South Carolina, USA
|Death: ||Aug. 24, 1834|
James Jennings was born in South Carolina in 1755. He joined the 6th Regimemnt of the South Carolina Continental Troops as a Private, commanded by Col William Henderson on January 7, 1778. He was transferred to the 1st Regt in Feb 1780.
He was living on the Pacolet River when he began his service in the Revoluntionary War. After the War, it is believed that James Jennings lived in Union County, SC. The 1790 US Census list him as having three males under 16 years of age and three females in his household.

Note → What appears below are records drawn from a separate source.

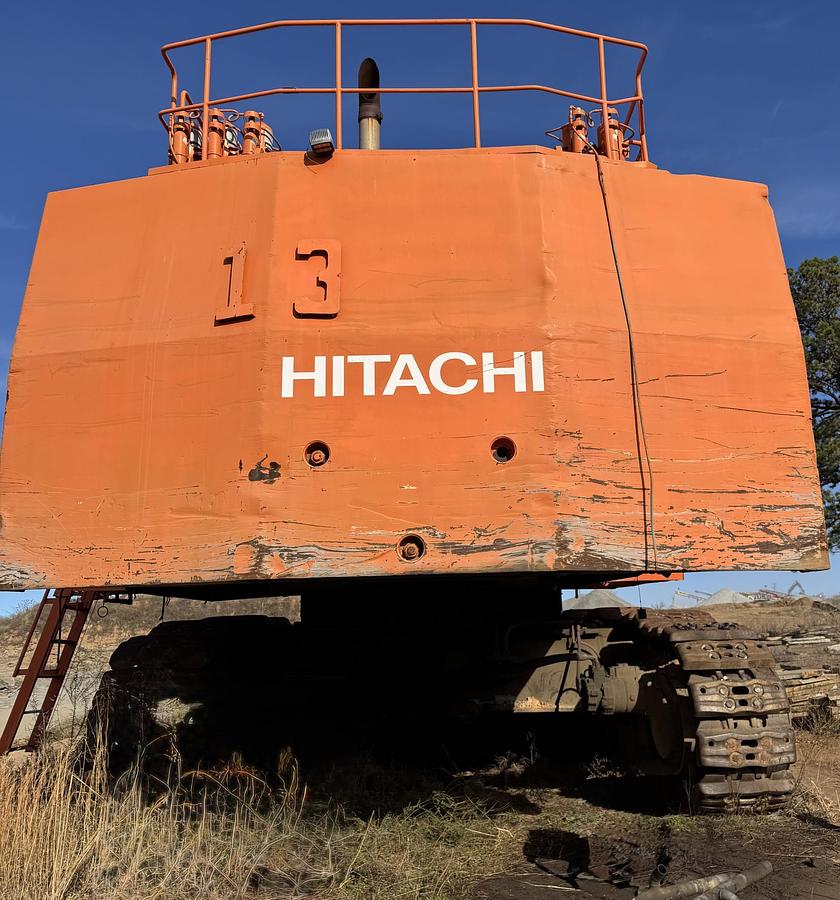 Used HITACHI EX1800-3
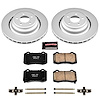 Z17 COATED BRAKE KIT - image 1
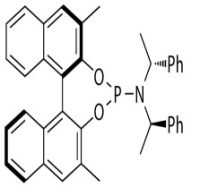 (11bR)-2,6-二甲基-N,N-双(1-苯乙基)二萘并[2,1-d:1',2'-f][1,3,2]二氧磷杂环庚-4-胺，340700-94-9，≥97%,≥98%(ee)，阿拉丁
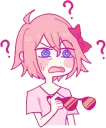 ❓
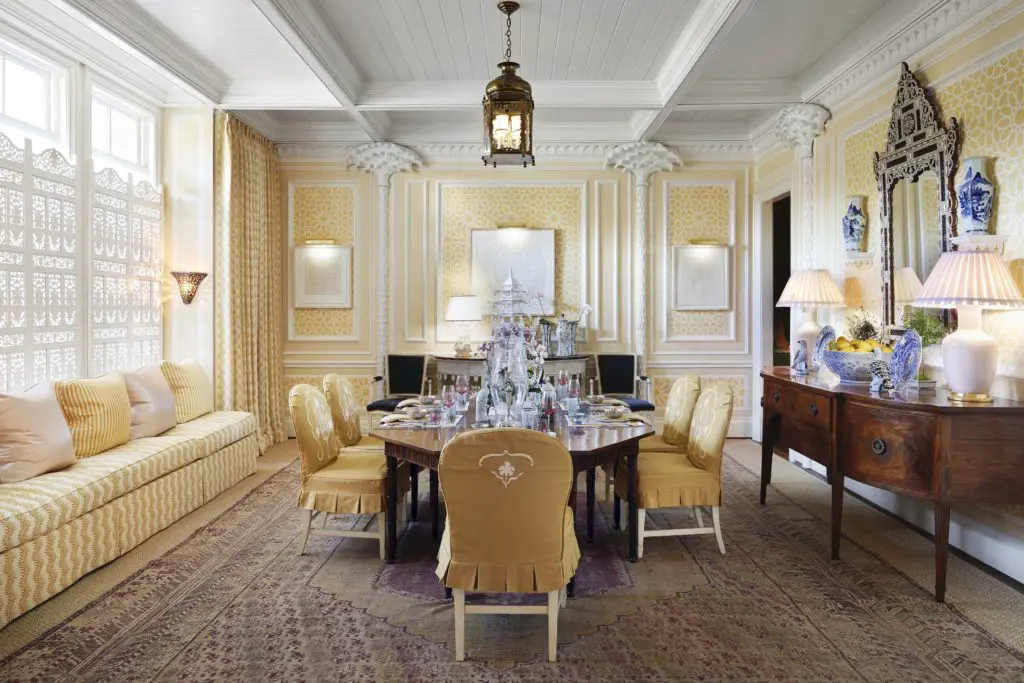 Cathy Kincaid, Kips Bay Decorator Show House Dallas 2020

Living in the joining County of Fairfield was a John Jennings, believed to be a brother of James. In 1790 John's household had three males 16 years and older and three males under 16 and two females.
In 1797, James Jennings sold 100 acres of land on the north side of the Pacolet River to John Bailey. James was on the 1800 South Carolina Census, but soon after removed to Kentucky. He is listed as having received 200 acres of land in the Kentucky land grants, surveyed on October 29, 1803. The location was on Sinking Creek, south of Green River, in what was then Christian County, Kentucky. He received 35 acres, surveyed April 14, 1804 on Sinks Muddy Fork. A 100 acre grant was surveyed for John Jennings on May 3, 1803 in Christian County on Sinking Forks. The summation is made that this is the same John living near James in South Carolina in 1790.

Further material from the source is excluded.